Isto porque os programas se degradaram de tal maneira ao longo dos anos que, hoje em dia, ao ler um programa curricular de Filosofia ou Português ou outra disciplina, uma pessoa pergunta-se onde está a Filosofia ou o Português. Os pedagogos ministeriais impuseram ao país a original perspectiva de que se pode ensinar Português sem Português, Filosofia sem Filosofia e Matemática sem Matemática.

Ao mesmo tempo que os estudantes são massacrados com inúmeras disciplinas vácuas sem qualquer centralidade escolar, não têm uma educação básica em Música, nem em Literatura ou Filosofia ou Geografia. Se um estudante de 15 anos quer saber alguma coisa sobre estas coisas, tem de o fazer fora da escola. Mas se quiser brincar aos índios, pode fazê-lo nas chamadas "actividades educativas", em substituição das aulas de Matemática. É esta a educação pimba que temos.

Mas não é esta a educação que a sociedade, no seu todo, quer. Os pais, com maior ou menor formação escolar, queixam-se de que a escola não ensina. Os miúdos cantam, com razão, que "na escola nada se cria, nada se transforma, tudo se perde". Os professores andam há anos a denunciar este estado de coisas.

Mas os pedagogos ministeriais vão passando de governo para governo, conseguindo ora mudar a Gramática toda, prejudicando gravemente a possibilidade da excelência do ensino do Português (se antes poucos professores sabiam e ensinavam Gramática, agora ainda menos - ou será que a ideia é mesmo essa?), ora suspender documentos que introduzem conteúdos científicos sérios num programa que carece deles (como foi o caso da badalada suspensão das Orientações de Leccionação do Programa de Filosofia). A ideia de trabalhar pelo bem do país, pela excelência do ensino, em defesa do interesse público, é alheia a estes originais pedagogos.

Numa cultura como a portuguesa, na qual nunca se valorizou realmente o conhecimento - afinal, no tempo da outra senhora, o conhecimento era um ornamento social para exibir em conversas amenas enquanto se tomava chá -, compete à escola entusiasmar os jovens e a sociedade, dando-lhes uma percepção clara do valor intrínseco do conhecimento.

Mas quando é o próprio ministério da educação que não acredita no valor intrínseco do conhecimento, dificultando cada vez mais o estudo aos muitos professores sérios que temos por esse país fora, afogando-os em trabalho burocrático e em horas contabilizadas nas escolas só para marcar ponto, que se pode esperar do nosso futuro?

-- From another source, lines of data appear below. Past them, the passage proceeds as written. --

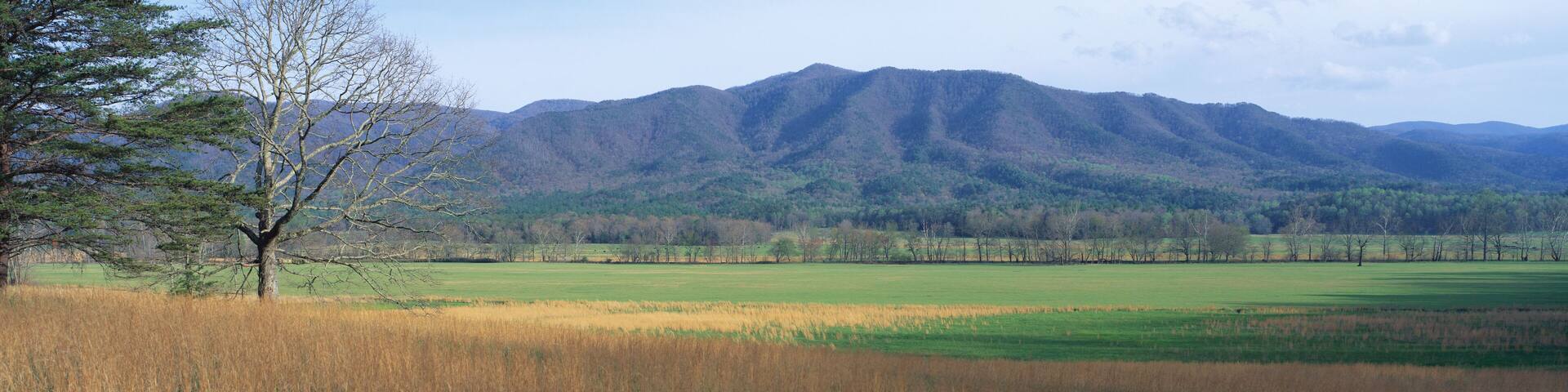 This is Cades Cove Pioneer settlement in the spring. The mountains of the Smokies are in the background.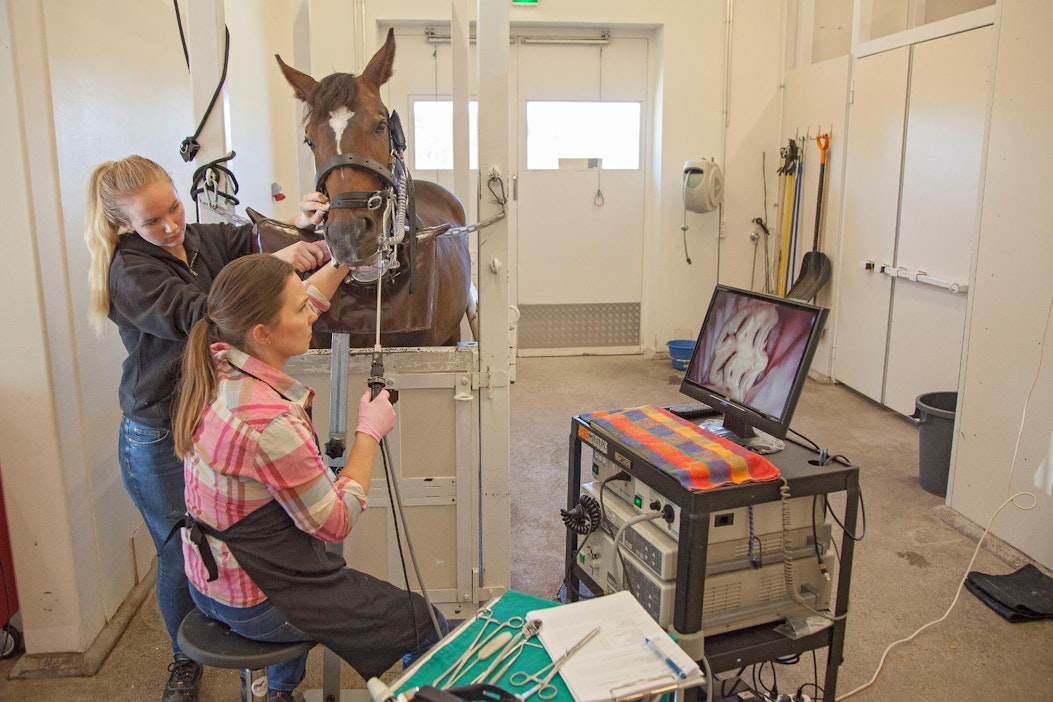Hevosten hampaiden hoito kuuluu eläinlääkärille – vaatii kunnon diagnoosin  ja rauhoituksen - MT Hevoset - Maaseudun Tulevaisuus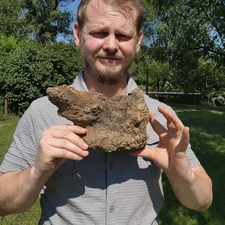 Triceratops Vertebra - Dinosaur Fossil - Authentic - Hell Creek Formation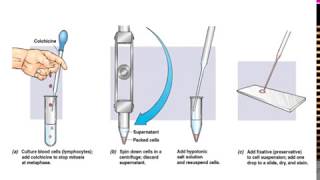 What is Karyotyping [upl. by Atinor]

Como poderemos recuperar o tempo perdido, tanto no que respeita ao ensino da Matemática como no que respeita às outras disciplinas? Seja qual for a estratégia, o primeiro axioma tem de ser este: o conhecimento tem valor intrínseco, em si e por si, e é do maior interesse público protegê-lo e transmiti-lo, e ensinar a produzi-lo - e só a escola pode fazer isso, ainda que infelizmente o tenha de fazer contra o Ministério pimba da Educação.